**ASSIGNMENT**
Look below for the line that contains "The next smartphone", then quote it and all the lines after it, exactly, with the pictures left out.

───── RECORDS FOR PROCESSING ─────

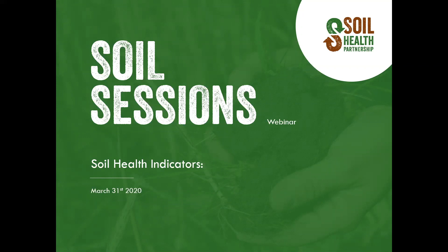Welcome to Soil Sessions, a webinar series by the Soil Health Partnership. Thank you for joining us today. I'm Stacey McCracken, the communications lead for SHP. At this time, I would like to introduce our host, Anna Teeter, SHP's Minnesota field manager, to start this soil session.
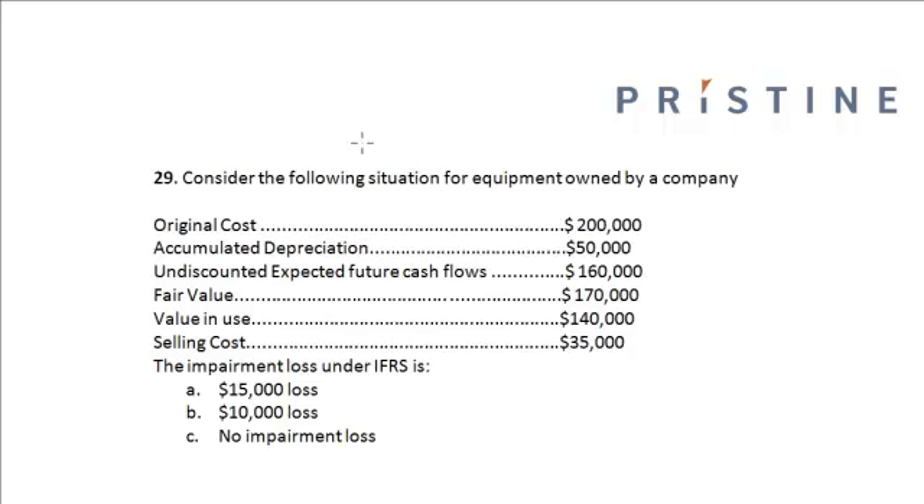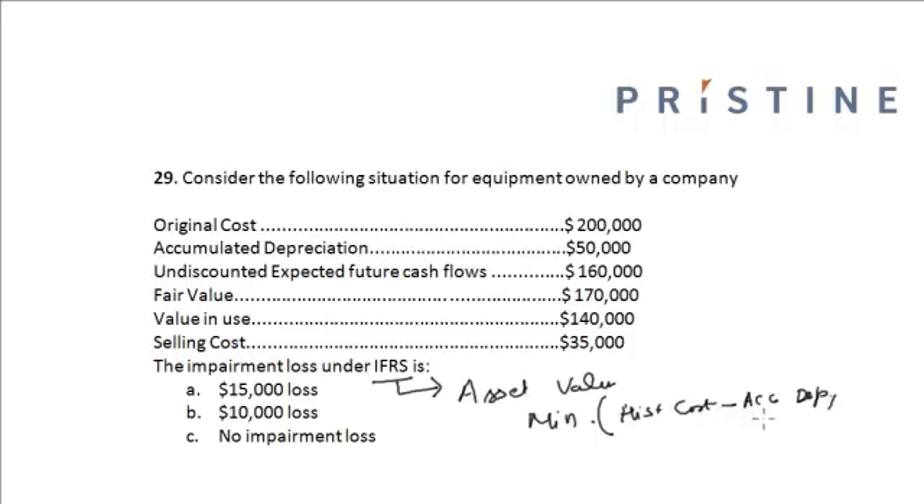This is a question for long-lived assets. Under IFRS, the asset value is the minimum of the carrying value — that is, historical cost minus accumulated depreciation — or the recoverable amount, which is the greater of net realizable value or value in use.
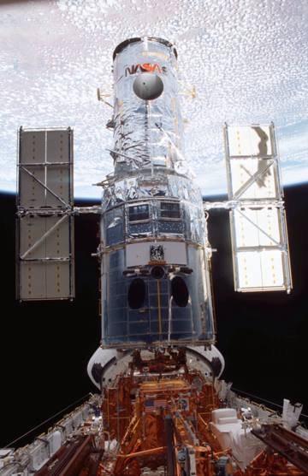It was also the last successful flight of Columbia, as on its next mission, STS-107, it disintegrated on re-entry, killing all aboard.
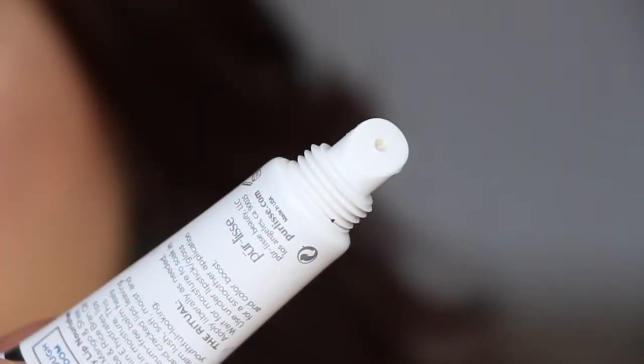Next we have from Purlise — this is the Daily Lip Nourisher with mango and shea butter. That sounds good. It's just like a little angled lip applicator on the tip. It smells really nice.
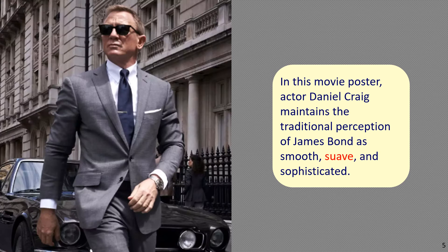The picture shows a poster from a James Bond movie. The sentence reads: In this movie poster, actor Daniel Craig maintains the traditional perception of James Bond as smooth, suave and sophisticated.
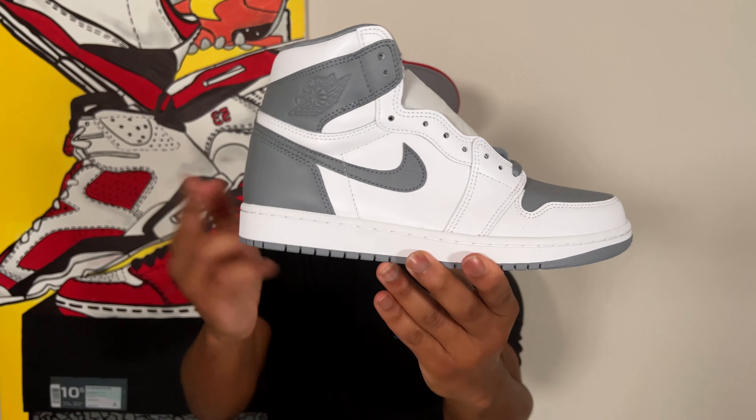Starting with the upper of the shoe - not a whole lot to talk about honestly. The color blocking is literally what we just saw in the Heritage Air Jordan 1: just replace the red with gray. You get white all along the upper primarily, with hits of gray goat leather around the collar, around the heel, on the swoosh, and on the toe box. First thing I'll say - I do wish that the Ball and Wings logo on the lateral side was a different color. I've seen a couple of people mention that as well.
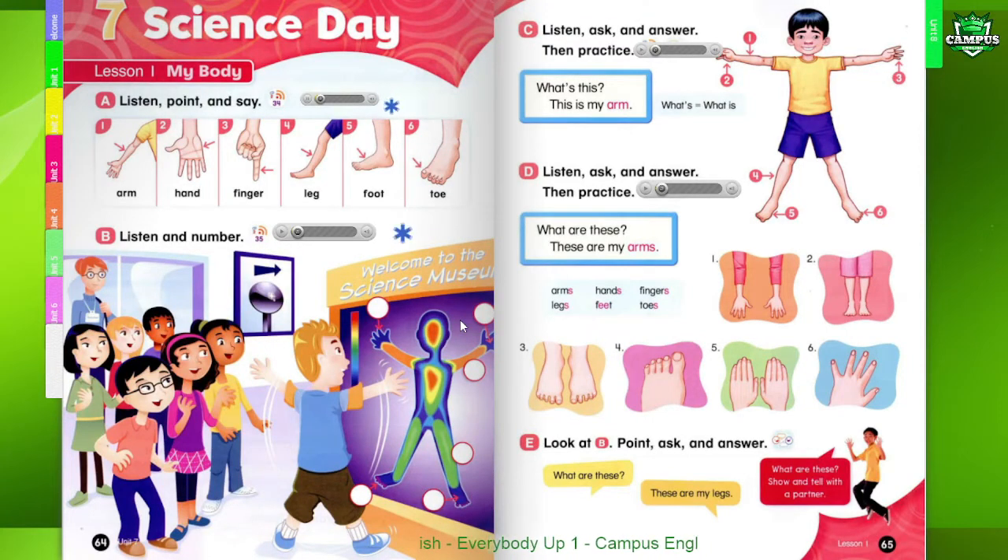Page 64. Unit 7. Science Day. Lesson 1. My Body.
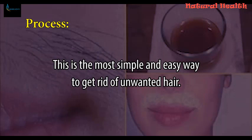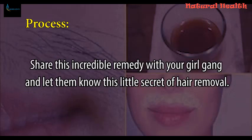This is the most simple and easy way to get rid of unwanted hair. Share this incredible remedy with your girl gang, and let them know this little secret of hair removal.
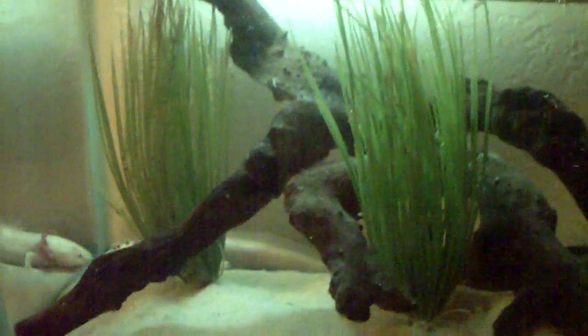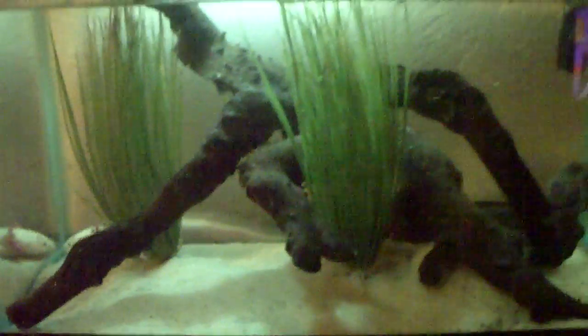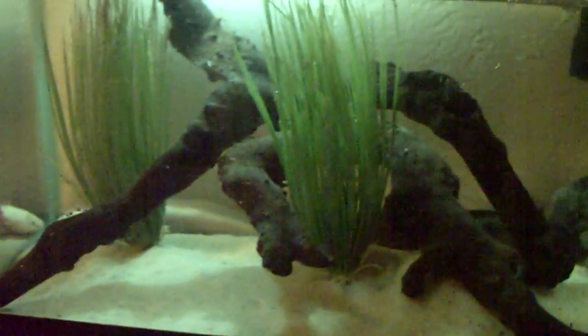I just want to show you the update of my axolotl laying eggs again. Thanks for watching. Don't forget to give it a thumbs up if you liked the video or thumbs down if you didn't like it. And don't forget to subscribe if you want to see some more of my videos. Thanks for watching.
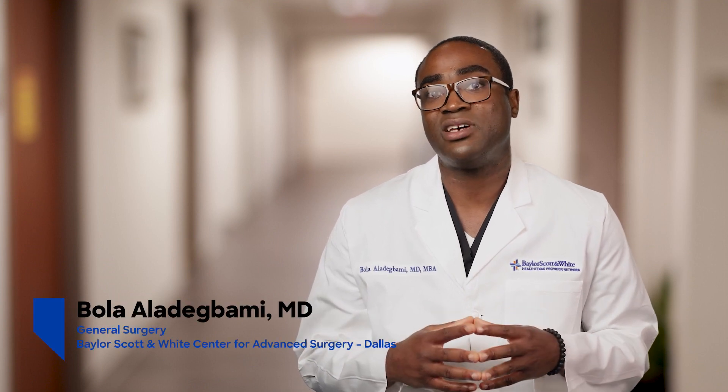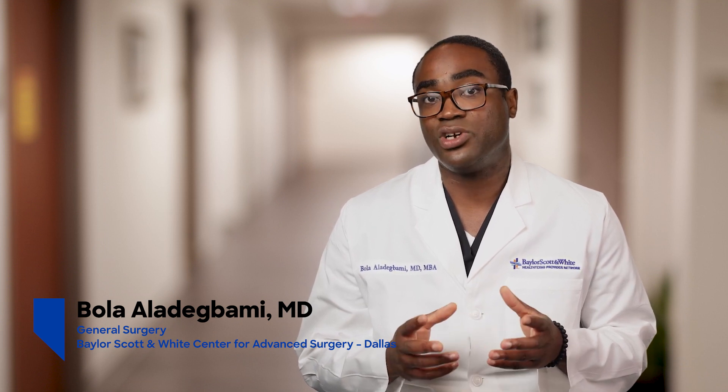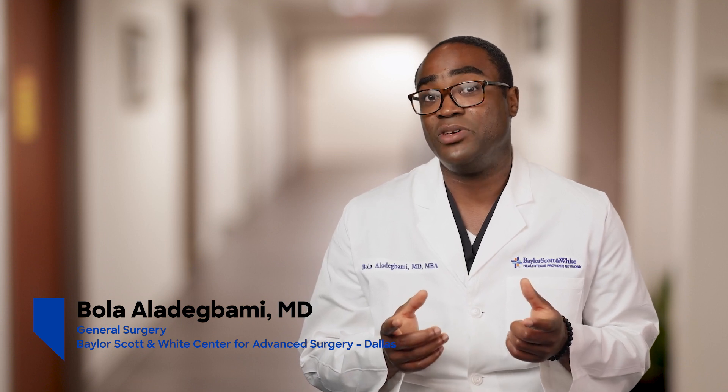Hello, my name is Dr. Bola Aladigbami, and I am a surgeon at the Billiscott and White Center for Advanced Surgery. I specialize in minimally invasive surgery, specifically abdominal wall reconstruction. Today, I wanted to describe inguinal hernias and how this might be treated.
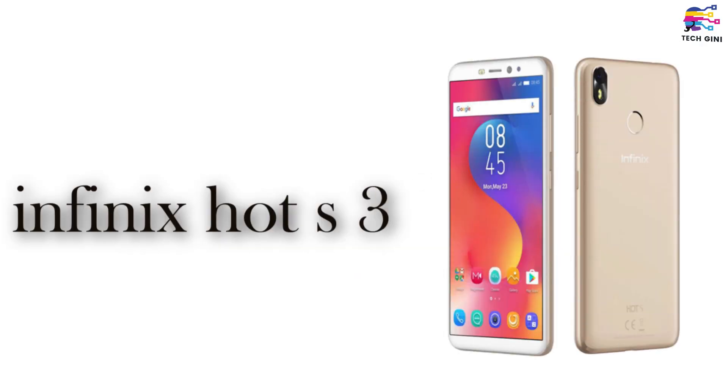The next smartphone is the Infinix Hot S3. This smartphone has a 5.65-inch screen with a Qualcomm Snapdragon 430 chipset and a 4,000 mAh battery. It has a 13MP rear camera and a 20MP front camera. The Infinix Hot S3 is priced at Rs. 8,999.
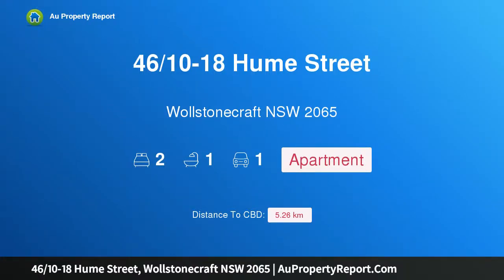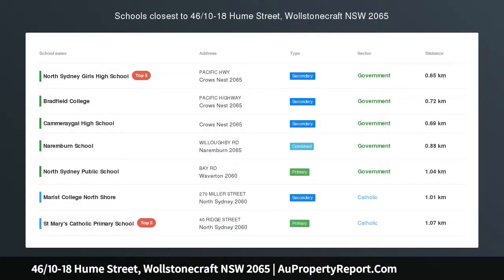Hi, I am glad to introduce property 46/10-18 Hume Street, Wollstonecraft NSW 2065.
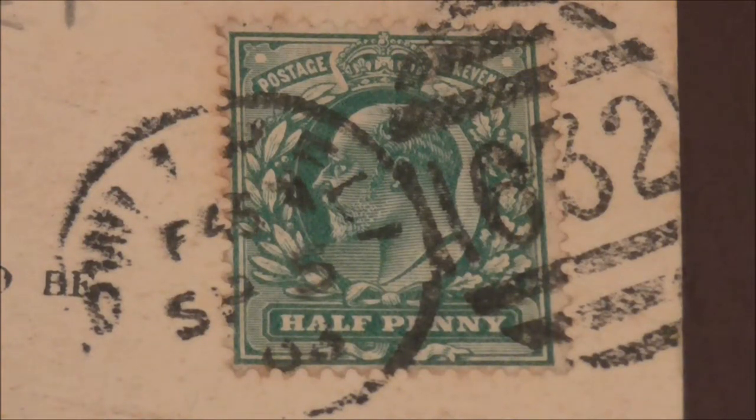Here we have a used 1902 halfpenny stamp. Dull blue green colour, printed by Delarue and Company. King Edward VII is the monarch and can be seen facing left. There are two cancellation marks. The one on the right has the numbers 632, and that was used by the head post office in Puerhely in Wales.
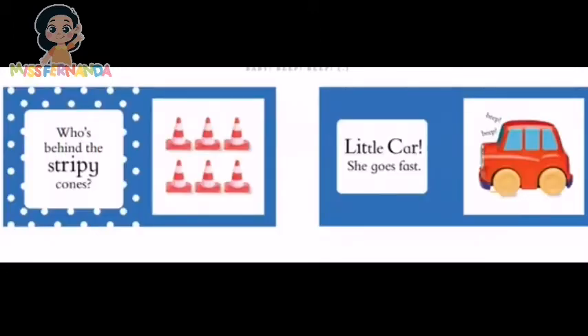Who's behind the stripy cones? Little car! She goes fast! Beep beep!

─────

**RESULT**
The next smartphone is the Infinix Hot S3. This smartphone has a 5.65-inch screen with a Qualcomm Snapdragon 430 chipset and a 4,000 mAh battery. It has a 13MP rear camera and a 20MP front camera. The Infinix Hot S3 is priced at Rs. 8,999.
Hi, I am glad to introduce property 46/10-18 Hume Street, Wollstonecraft NSW 2065.
Here we have a used 1902 halfpenny stamp. Dull blue green colour, printed by Delarue and Company. King Edward VII is the monarch and can be seen facing left. There are two cancellation marks. The one on the right has the numbers 632, and that was used by the head post office in Puerhely in Wales.
Who's behind the stripy cones? Little car! She goes fast! Beep beep!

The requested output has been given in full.